With three weeks left until the tax break expires, the government has yet to indicate whether it will extend the incentive. Consumers bought 21.1 million passenger vehicles in the first 11 months, more than the 20.6 million units for the whole of last year, according to the China Passenger Car Association. The last time the Chinese car market shrank was in 1990.
The health of China’s auto market, now the biggest for companies including General Motors Co. and Volkswagen AG has taken on added importance in the wake of the election of Donald Trump. The U.S. president-elect campaigned on a promise to toughen America’s trade stance with Mexico and Japan, and has been critical of China’s currency policies and military build-up.
“China is a vital market for automakers around the world and policy uncertainties here are the biggest challenge for those counting on this demand,” said Yale Zhang, managing director at researcher Autoforesight Shanghai Co. “The tax cut worked like a giant commercial spurring consumers to buy. If it isn’t extended, we’ll most likely see a 2 percent decline or no growth next year.”
Buyers of small-engine cars in China continued to bring forward their purchases to qualify for the tax cut. The levy on cars with engine capacity up to 1.6 liters was reduced by half in October 2015 to 5 percent after vehicle sales slowed with the economy. Buyers of super-luxury cars also rushed to beat a 10 percent additional tax imposed this month to combat conspicuous consumption and promote more efficient vehicles.

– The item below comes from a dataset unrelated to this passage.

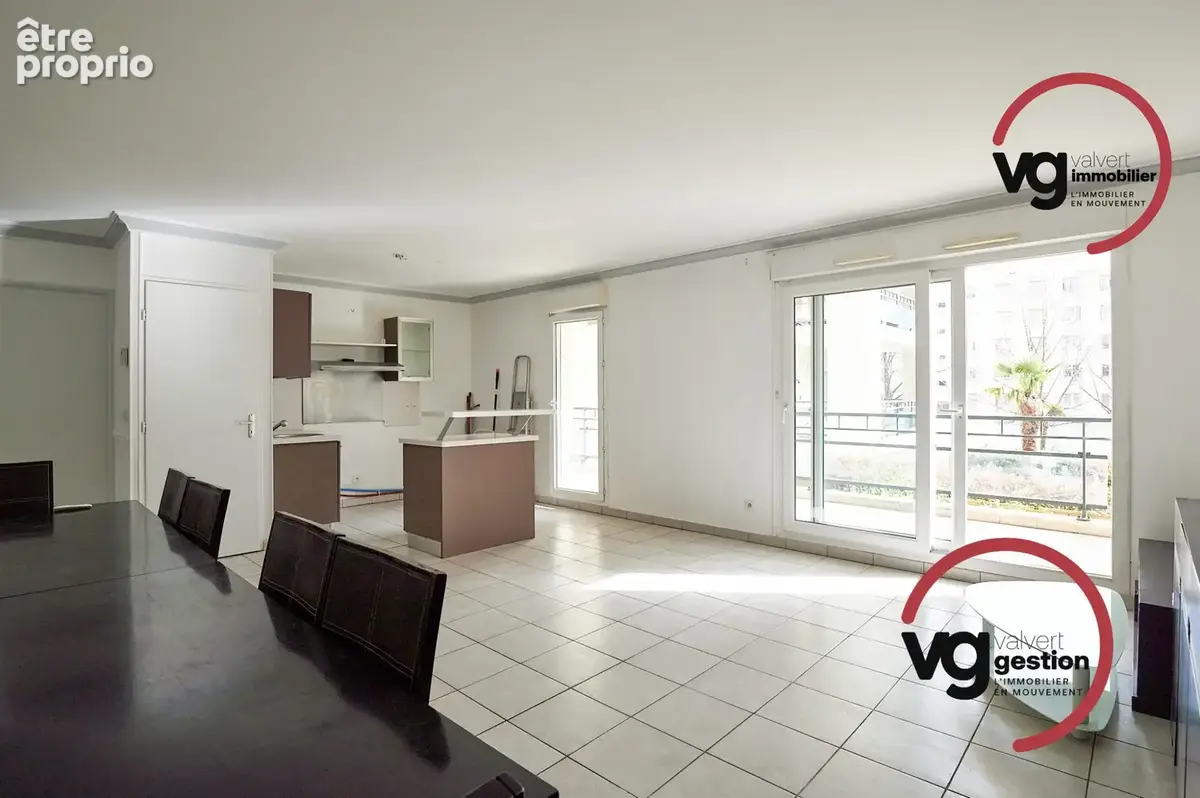 Appartement 3 pièces 71 m² à vendre à Decines-Charpieu (69150) - photo 2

“As long as the government doesn’t say anything about carrying the tax cut beyond this year consumers would assume it will run out this month and act on that assumption,” said Huang Xiaowei, an analyst with Shenzhen-based WAYS Consulting Co.
Retail auto sales in China surged 20 percent to 2.42 million units in November, led by demand for sport utility vehicles, according to PCA data. The sustained demand for small-engine cars has helped clear inventory at dealerships, according to the China Automobile Dealers Association.
Geely Automobile Holdings Ltd. posted the fastest sales growth among major local automakers with its deliveries almost doubling to 102,422 units in November, while Guangzhou Automobile Group Co. and Great Wall Motor Co. recorded sales increases of more than 30 percent last month.
Ford Motor Co., which Trump threatened with a 35 percent tariff on vehicles it builds in Mexico and ships back to the U.S., sold more than 1 million vehicles in China in the first 11 months. The Dearborn, Michigan-based automaker now counts China as its biggest foreign market and sees the full-size luxury sedan market there growing 60 percent by 2025.
“Ford is gaining more momentum in China each month and we are on pace for a record year in China,” Peter Fleet, Ford’s Asia Pacific sales vice president, said in a statement. “We are seeing increasing demand across our lineup, particularly our full family of SUVs.”